Pour nous autres Afro-américains, le seul débat digne d'intérêt concernant les réparations est de savoir s'il est possible de contraindre les Etats-Unis, coupables d'avoir réduit nos ancêtres en esclavage pendant des siècles avant de nous faire l'aumône d'une citoyenneté de seconde zone, à payer et, dans l'affirmative, combien. Le montant dépasserait l'imagination; j'avais avancé il y a des années le chiffre faramineux de 24.000 milliards de dollars dans un article pour le magazine Time. Il est donc bien évident que, pour recevables que soient nos arguments, les Etats-Unis ne paieront jamais. Ne nous berçons pas d'illusions, nous ne toucherons pas un sou. Tout au plus pouvons-nous espérer des excuses bien tardives dans la lignée de la résolution adoptée par le congrès en 2008 pour exprimer les regrets de l'Amérique concernant «l'injustice, la cruauté, la brutalité et l'inhumanité profondes de l'esclavage et de la législation Jim Crow».
Suicide politique pour Obama
Ce qui m'amène à ma principale interrogation concernant l'article de Monsieur Gates: pourquoi lancer cette peau de banane au pauvre Barack Obama? Aux yeux de notre polémiste, Barack Obama, en sa qualité de premier président afro-américain de l'histoire, jouit d'une légitimité incontestable pour designer publiquement les vrais responsables de cette tragédie, à savoir les Blancs et les Noirs, des deux côtés de l'Atlantique. Belle idée, mais c'est un vœu pieux. On imagine mal Obama sermonnant les Africains sur leur responsabilité collective dans la traite des noirs. Même aux Etats-Unis, le président se fait très discret sur les questions raciales, une attitude d'ailleurs encore plus marquée depuis le tollé qu'il a provoqué en employant le mot «stupide» pour qualifier l'arrestation de Monsieur Gates dans sa propre maison.

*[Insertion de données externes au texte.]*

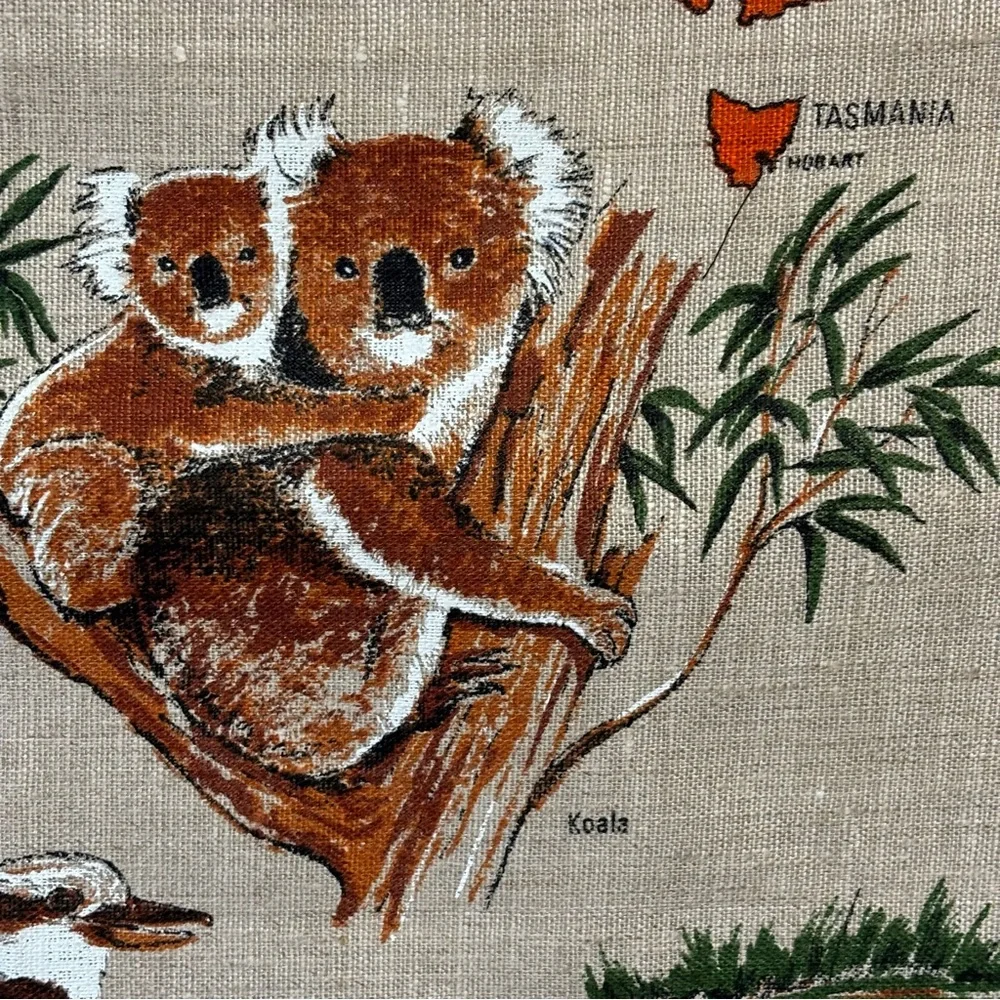 VTG Heil Pure Linen Souvenir Australian tea towel 1980’s Emo Koala Kangaroo NWOT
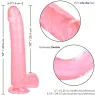 Gode à ventouse CALEXOTICS Size Queen rose 25,5 cm en TPR réaliste, diamètre 5 cm, pour sensations profondes.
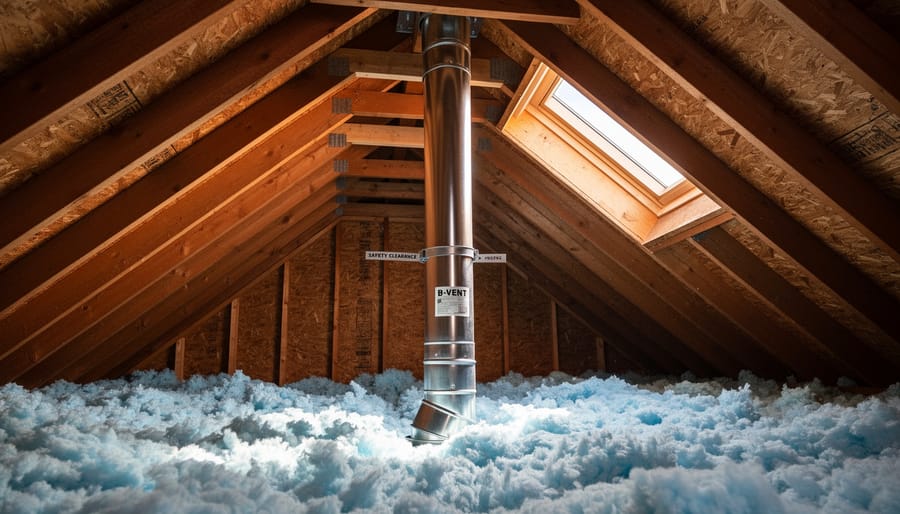 B-vent chimney pipe running vertically through attic rafters with proper clearances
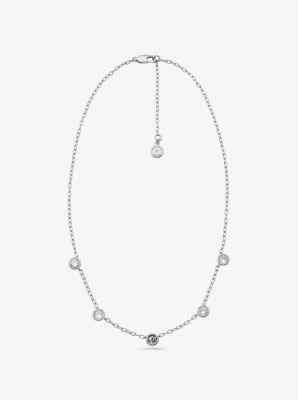 Precious Metal-Plated Sterling Silver Cubic Zirconia Necklace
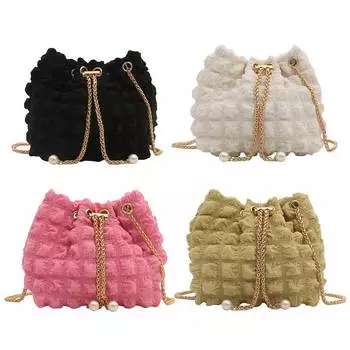 Женская сумка-ведро с облаками и пузырьками, однотонная сумка-портмоне, повседневная сумка для выпускного вечера чёрный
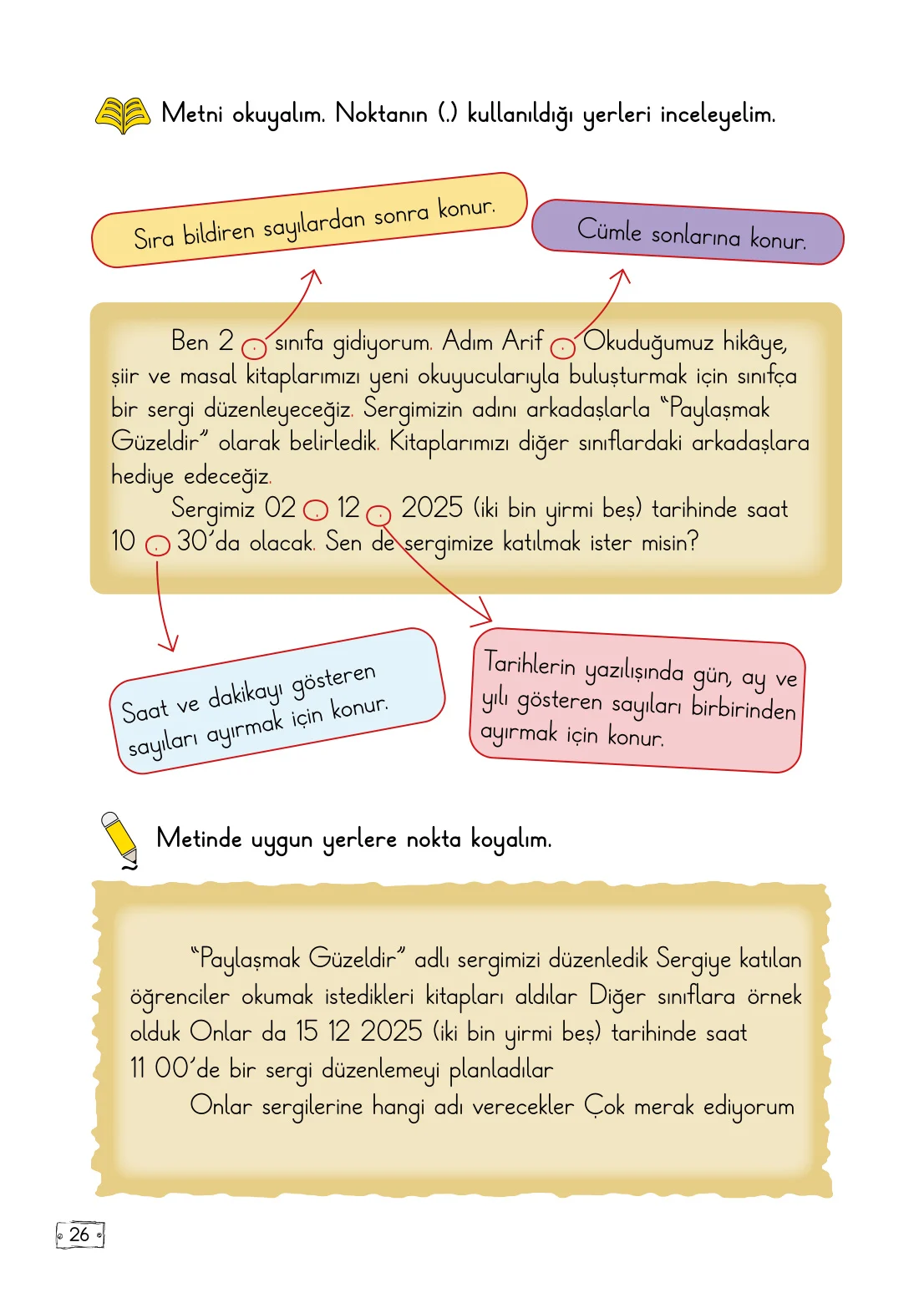 2. Sınıf Türkçe Ders Kitabı Cevapları Meb Yayınları 1. Kitap Sayfa 26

Voyons les choses en face: une prise de position sur cette question serait un véritable suicide politique pour un président libéral, quelle que soit son origine ethnique, et Gates et Obama le savent bien. Il est d'ailleurs de notoriété publique que Barack Obama, bien que favorable sur le fond au principe d'une réparation, est suffisamment lucide pour savoir qu'elle est irréalisable dans les faits. Et ce n'est certainement pas en arrachant une contrition aux Africains pour les péchés de leurs ancêtres qu'on y changera quoi que ce soit. Monsieur Gates a indéniablement le génie de la polémique, mais c'est un piètre stratège.